### PROBLEM TO SOLVE
Give back the line below containing "Heated Underwear Pants" and every later line, exactly.

### DATASET EXCERPT
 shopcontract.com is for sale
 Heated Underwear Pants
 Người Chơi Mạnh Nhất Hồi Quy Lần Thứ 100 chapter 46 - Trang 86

### ANSWER AREA
 Heated Underwear Pants
 Người Chơi Mạnh Nhất Hồi Quy Lần Thứ 100 chapter 46 - Trang 86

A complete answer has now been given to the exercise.